# «Abstract. DNA self-assembly is emerging as a key paradigm for nano-technology, nano-computation, and several related disciplines. In nature, DNA ...»

Error Free Self-Assembly using Error Prone Tiles

Ho-Lin Chen ∗ Ashish Goel †

Stanford University Stanford University

Abstract. DNA self-assembly is emerging as a key paradigm for nano-technology, nano-computation,

and several related disciplines. In nature, DNA self-assembly is often equipped with explicit mechanisms

for both error prevention and error correction. For artiﬁcial self-assembly, these problems are even more

important since we are interested in assembling large systems with great precision.

We present an error-correction scheme, called snaked proof-reading, which can correct both growth and nucleation errors in a self-assembling system. This builds upon an earlier construction of Winfree and Bekbolatov [13], which could correct a limited class of growth errors. Like their construction, our system also replaces each tile in the system by a k × k block of tiles, and does not require changing the basic tile assembly model proposed by Rothemund and Winfree [10].

We perform a theoretical analysis of our system under fairly general assumptions, tiles can both attach and fall off depending on the thermodynamic rate parameters which also govern the error rate. We prove that with appropriate values of the block size, a seed row of N tiles can be extended into an N × N square of tiles without errors in expected time O(N ), and further, this square remains stable for an expected time of Ω(N ). This is the ﬁrst error-correction system for DNA self-assembly that has provably good assembly time (close to linear) and provable error-correction. The assembly time is the same, up to logarithmic factors, as the time for an irreversible, error-free assembly. We also did a preliminary simulation study of our scheme.

In simulations, our scheme performs much better (in terms of error-correction) than the earlier scheme of Winfree and Bekbolatov, and also much better than the unaltered tile system.

1 Introduction Self-assembly is the ubiquitous process by which objects autonomously assemble into complexes. Nature provides many examples: Atoms react to form molecules. Molecules react to form crystals and supramolecules. Cells sometimes coalesce to form organisms. It is widely believed that self-assembly will ultimately become an important technology, enabling the fabrication of great quantities of small complex objects such as computer circuits. DNA has emerged as an important component to use in artiﬁcial self-assembly of nano-scale systems due to its small size, its incredible versatility, and the precedent set by the abundant use of DNA self-assembly in nature. Accordingly, DNA self-assembly has received signiﬁcant attention over the last few years, both by practitioners [15, 17, 12, 13], and by theoreticians [7, 8, 14, 1, 9, 10, 2, 3, 6, 5, 4]. The theoretical results have focused on efﬁciently assembling structures of a controlled size (the canonical example being assembly of n × n squares) and shape. In this paper, we are interested in simultaneously achieving robustness and efﬁciency.

∗ Ho-Lin Chen is at the Department of Computer Science, Stanford University. Email: holin@stanford.edu. Research supported in part by NSF Award 0323766.

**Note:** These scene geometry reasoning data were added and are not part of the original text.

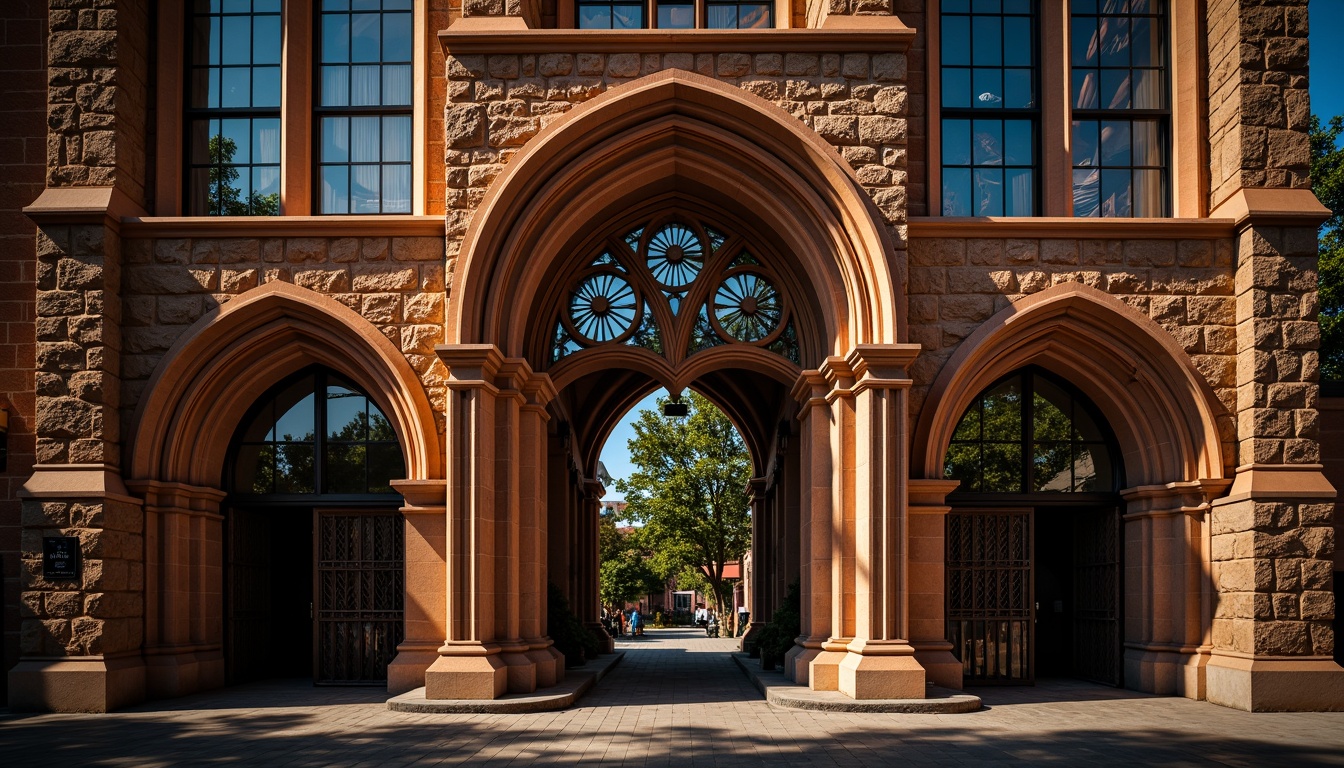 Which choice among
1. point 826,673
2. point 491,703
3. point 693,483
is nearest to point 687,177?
point 826,673

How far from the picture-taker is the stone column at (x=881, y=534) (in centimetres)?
1100

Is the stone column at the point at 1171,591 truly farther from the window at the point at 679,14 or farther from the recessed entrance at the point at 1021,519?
the window at the point at 679,14

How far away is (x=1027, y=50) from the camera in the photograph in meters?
13.5

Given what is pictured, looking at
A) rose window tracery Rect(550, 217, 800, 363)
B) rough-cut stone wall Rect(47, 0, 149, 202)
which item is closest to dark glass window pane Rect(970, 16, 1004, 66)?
rose window tracery Rect(550, 217, 800, 363)

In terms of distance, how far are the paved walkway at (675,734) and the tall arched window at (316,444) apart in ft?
8.40

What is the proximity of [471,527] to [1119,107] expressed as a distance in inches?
357

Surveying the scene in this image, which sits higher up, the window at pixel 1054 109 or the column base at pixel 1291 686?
the window at pixel 1054 109

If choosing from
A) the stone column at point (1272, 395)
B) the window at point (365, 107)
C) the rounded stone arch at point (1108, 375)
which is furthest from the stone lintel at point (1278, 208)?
the window at point (365, 107)

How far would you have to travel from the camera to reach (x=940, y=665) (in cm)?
1195

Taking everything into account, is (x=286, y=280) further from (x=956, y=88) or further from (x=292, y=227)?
(x=956, y=88)

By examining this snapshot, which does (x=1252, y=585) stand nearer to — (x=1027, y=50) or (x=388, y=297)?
(x=1027, y=50)

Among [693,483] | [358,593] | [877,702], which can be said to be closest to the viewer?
[877,702]

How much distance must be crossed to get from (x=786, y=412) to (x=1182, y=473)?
6.08 m

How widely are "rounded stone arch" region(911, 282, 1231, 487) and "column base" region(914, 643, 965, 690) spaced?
1.84 m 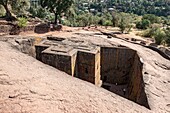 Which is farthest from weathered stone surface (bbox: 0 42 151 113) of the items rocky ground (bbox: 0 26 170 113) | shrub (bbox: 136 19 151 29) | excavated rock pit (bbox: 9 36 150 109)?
shrub (bbox: 136 19 151 29)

† Ashish Goel is at the Department of Management Science and Engineering and (by courtesy) Computer Science, Stanford University, Terman 311, Stanford CA 94305. Email: ashishg@stanford.edu. Research supported by NSF CAREER Award 0339262 and by NSF Award 0323766.

The Tile Assembly Model, originally proposed by Rothemund and Winfree [10], and later extended by Adleman et al. [2], provides a useful framework to study the efﬁciency (as opposed to robustness) of DNA self-assembly. In this model, a square tile is the basic unit of an assembly. Each tile has a glue on each side;

each glue has a label and a strength (typically 1 or 2). A tile can attach to a position in an existing assembly if at all the edges where this tile “abuts” the assembly, the glues on the tile and the assembly are the same, and the total strength of these glues is at least equal to a system parameter called the temperature (typically 2). Assembly starts from a single seed crystal and proceeds by repeated accretion of single tiles. The speed of an addition (and hence the time for the entire process to complete) is determined by the concentrations of different tiles in the system. Details are in Section 2.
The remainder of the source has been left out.